Wie Vernachlässigung und Misshandlung im Kindesalter aussieht, erklärte Referentin Dr. Ariane Schorn, Professorin im Fachbereich Soziale Arbeit und Gesundheit der Fachhochschule Kiel. Sie berichtete in ihrem Impulsreferat über Hintergründe, Erscheinungsformen und Folgen von Missbrauch. Dabei informierte sie die Teilnehmenden über körperliche und seelische Misshandlungen. Gerade letztere seien oft schwierig festzustellen. Doch die Folgen dieser Art der Misshandlung seien für die Betroffenen gravierend. Als Beispiele nannte sie Fälle, in denen das Kind ausgenutzt werde, mit dem Kind tagelang nicht gesprochen werde und es somit keine Antwort auf seine Gefühle und Fragen bekomme. Aber auch ein Kind, das von den Eltern erdrückt werde, könne sich nicht richtig entfalten. Es gebe ein weites Spektrum und verschiedene Intensitäten bei seelischer Misshandlung. Weitere Kindeswohlgefährdungen sind sexueller Missbrauch und Vernachlässigung. „Je früher, je schwerer und je länger ein Kind missbraucht wird, umso schlimmer sind die Folgen“, erklärte sie. Psychosomatische Beschwerden wie chronische Bauchschmerzen, Essstörungen und Einnässen könnten Anzeichen für einen Missbrauch sein. Aber auch Schulprobleme, fehlendes Sprachvermögen und eine beeinträchtigte emotionale Entwicklung könnten die Folge von Misshandlung sein.

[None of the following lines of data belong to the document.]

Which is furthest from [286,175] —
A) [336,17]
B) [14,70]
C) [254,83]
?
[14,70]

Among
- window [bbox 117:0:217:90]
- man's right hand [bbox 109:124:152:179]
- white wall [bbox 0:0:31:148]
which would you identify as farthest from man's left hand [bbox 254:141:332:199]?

Im Anschluss an das Impulsreferat konnten die Teilnehmenden verschiedene Arbeitsgruppen besuchen. In der Gruppe von Michael Wolf, Leiter des Fachdienstes Jugend- und Sozialdienst vom Kreis Rendsburg-Eckernförde, ging es um das Thema, wie Vernachlässigung erkannt werden kann. Gewalt und Misshandlung in der Familie war das Thema der Gruppe um Oda Wolff, Teamleiterin aufsuchende Familienhilfe, Diakonisches Werk des Kirchenkreises Rendsburg-Eckernförde. Um sexualisierte Gewalt im Jugendalter zwischen Grenzerprobung und Grenzüberschreitung ging es in der Arbeitsgruppe von Maike Kock, GHS Lehrerin, Fortbildungs-Referentin der PETZE aus Kiel. Von der Bedeutung der Mitarbeitenden für die präventive Arbeit zu sexueller Gewalt berichtete Lars Wulff, Erzieher und Diakon im Kinderschutz-Zentrum Westküste, Diakonisches Werk Husum. Wie Kinder stark gemacht werden können, zeigte Rachel Matthern, Fortbildungsreferentin der PETZE. Um Mobbing ging es in der Gruppe von Nadine Wiese, Bildungsreferentin des Instituts für konstruktive Konfliktaustragung und Mediation Hamburg. Über den Umgang mit Gewaltopfern in den gemeindlichen Kinder- und Jugendgruppen berichtete Susanne Jensen, Missbrauchsüberlebende und Pastorin im Kirchenkreis Rendsburg-Eckernförde. Über Schulungen von Mitarbeitenden zum Thema Kindeswohl informierte Klaus Deuber. Was eine Gemeinde tun kann, um Sicherheit vor Grenzverletzungen zu ermöglichen, damit beschäftigte sich die Gruppe um Lars Klehn, Personal- und Gemeindeentwicklung des Kirchenkreises Rendsburg-Eckernförde. „Das Thema Kindeswohl haben wir so aus verschiedenen Blickwinkeln betrachtet und umfangreich darstellen können“, so Klaus Deuber. Auf Fragen der Teilnehmenden konnte so gut eingegangen werden, um sie gut vorzubereiten für ihre Arbeit in den Kirchengemeinden und Einrichtungen des Kirchenkreises.